J Arthroplasty. 2010 Oct;25(7):1096-8. doi: 10.1016/j.arth.2009.07.025. Epub 2009 Oct 17.
Computer-navigated joint arthroplasty surgery using optical tracking systems requires arrays fixated to bone via pins. Reports of fractures at pin sites have raised concern about safety. We reviewed the postoperative complications occurring in a single-surgeon series of 984 consecutive primary total knee arthroplasties. All pins were placed unicortically and connected by a dual pin array. Femoral pins were placed into the medial epicondyle, and tibial pins were placed in the shaft 10 cm inferior to the joint line. There were no fractures. Seventeen (1.7%) patients had minor pin-related complications. Twelve patients had a superficial infection around the tibial pin sites, which resolved with antibiotics. None of the infections required readmission or reoperation. We believe pin placement to be safe and effective with proper technique.

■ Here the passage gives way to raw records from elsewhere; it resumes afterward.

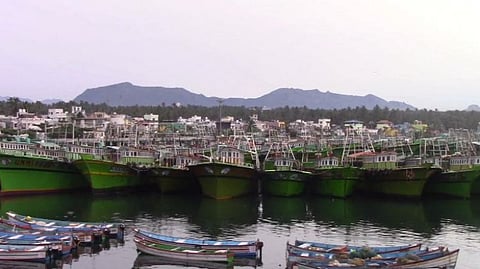 காற்றழுத்த தாழ்வு பகுதி எச்சரிக்கை:  படகுகளை பாதுகாப்பாக நிறுத்தும் பணியில் மீனவர்கள்....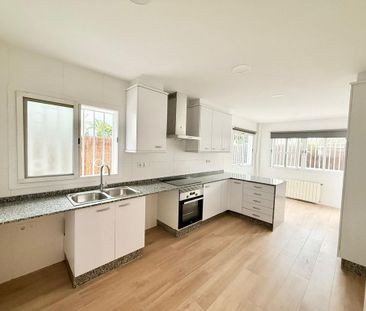 4 room luxury Detached House for rent in Rocafort, Valencia - Photo 3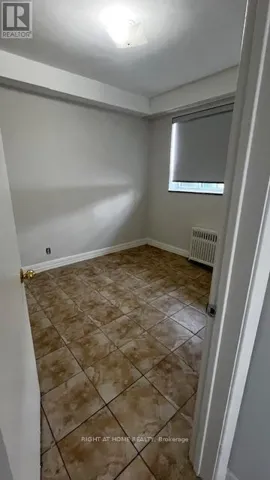 1 - 1 WANDLE AVENUE, Toronto (Downsview-Roding-CFB), Ontario M3M2L1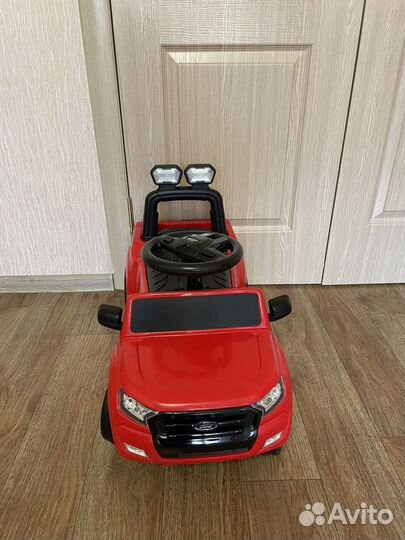 Машинка каталка толокар с съем. ручкой и подножкой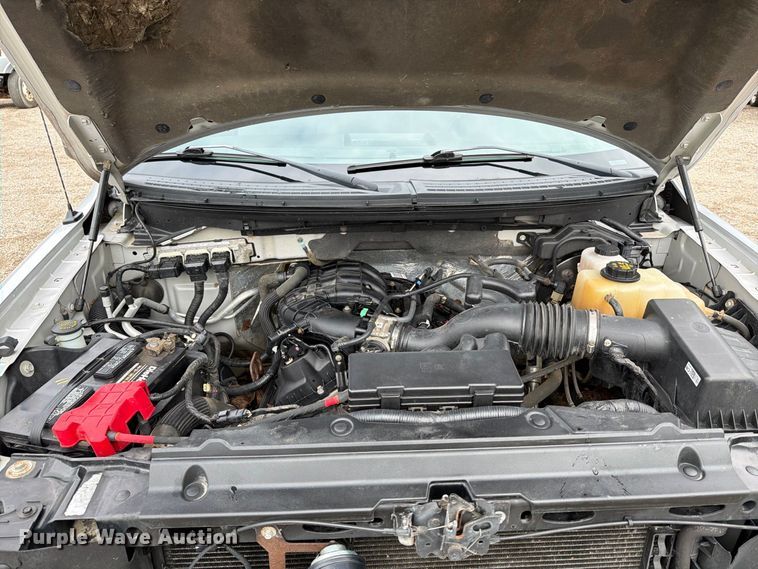 image for item FT7524 2013 Ford F150 Ext. Cab pickup truck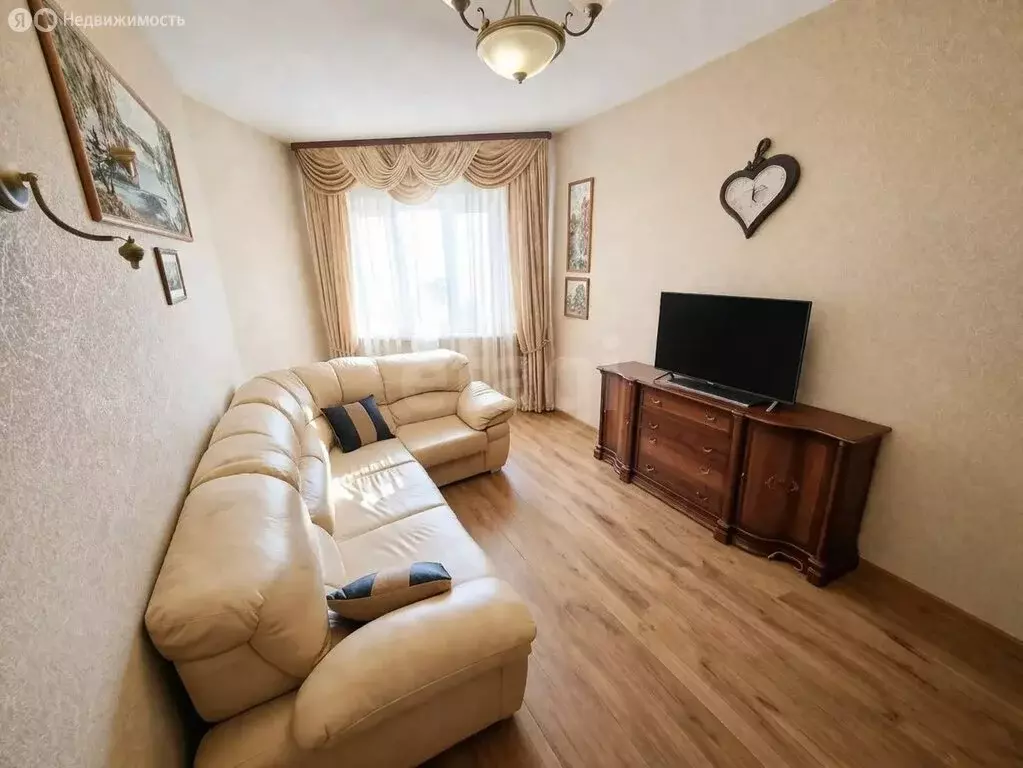 3-комнатная квартира: Архангельск, Адмиралтейская улица, 7 (63.1 м) - Фото 1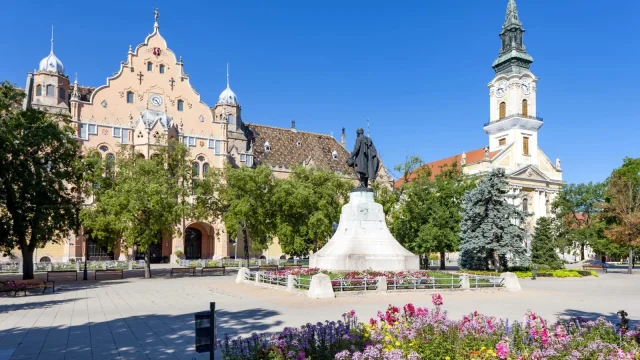 Arany minősítést és két különdíjat szerzett Kecskemét az európai virágos települések versenyén
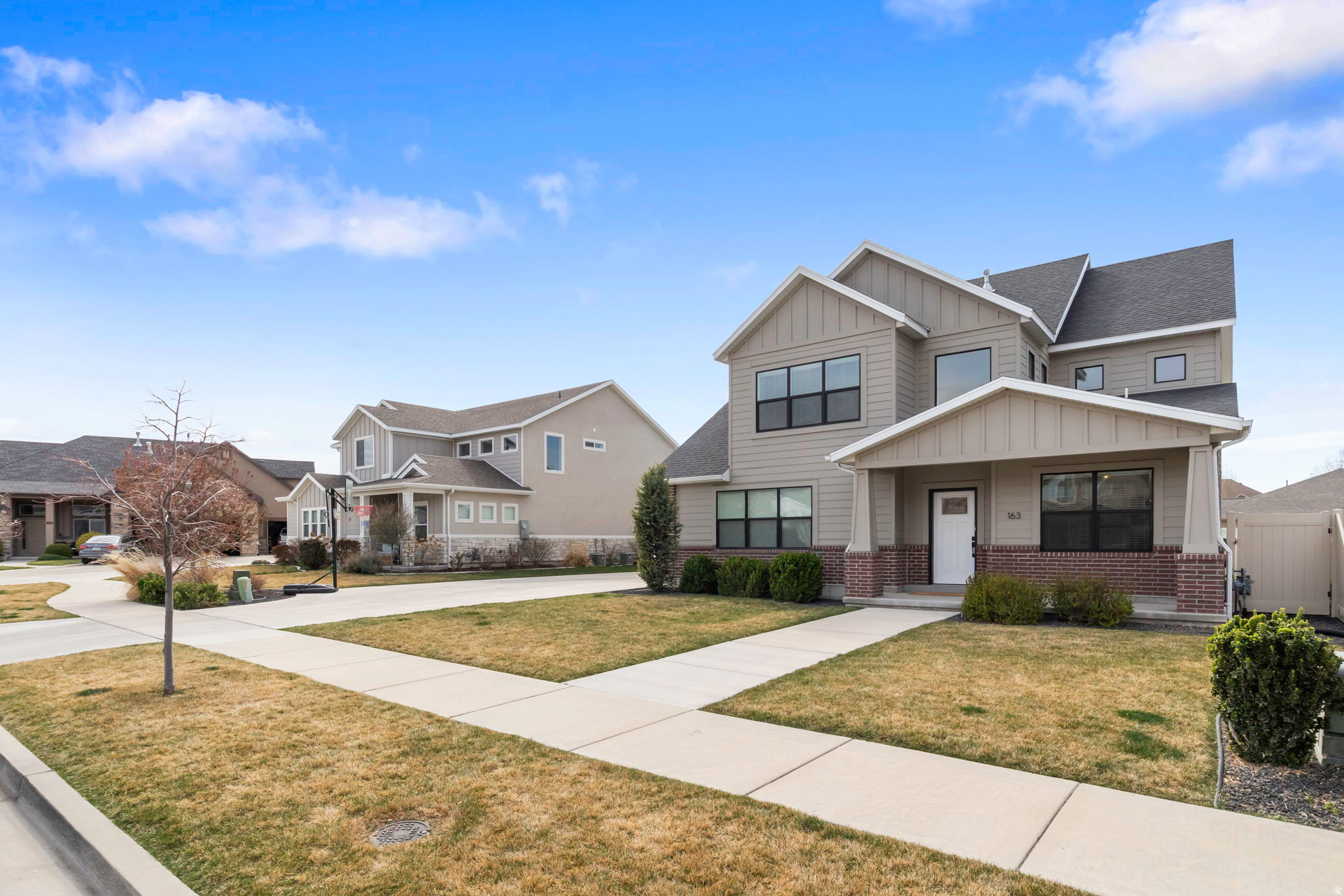 THE GRASSLANDS - Residential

计算机导航关节置换手术使用光学跟踪系统需要通过销钉将阵列固定在骨头上。有关销钉部位骨折的报告引起了对安全性的关注。我们回顾了一位外科医生进行的 984 例连续初次全膝关节置换术的单一系列手术后并发症。所有的销钉都通过双销钉阵列单皮质固定。股骨销钉置于内上髁,胫骨销钉置于关节线下方 10 厘米的干骺端。没有发生骨折。17 名(1.7%)患者有轻微的与销钉相关的并发症。12 例患者胫骨销钉部位出现浅表感染,经抗生素治疗后痊愈。这些感染均无需再次住院或再次手术。我们认为,正确的技术操作可以使销钉的放置安全且有效。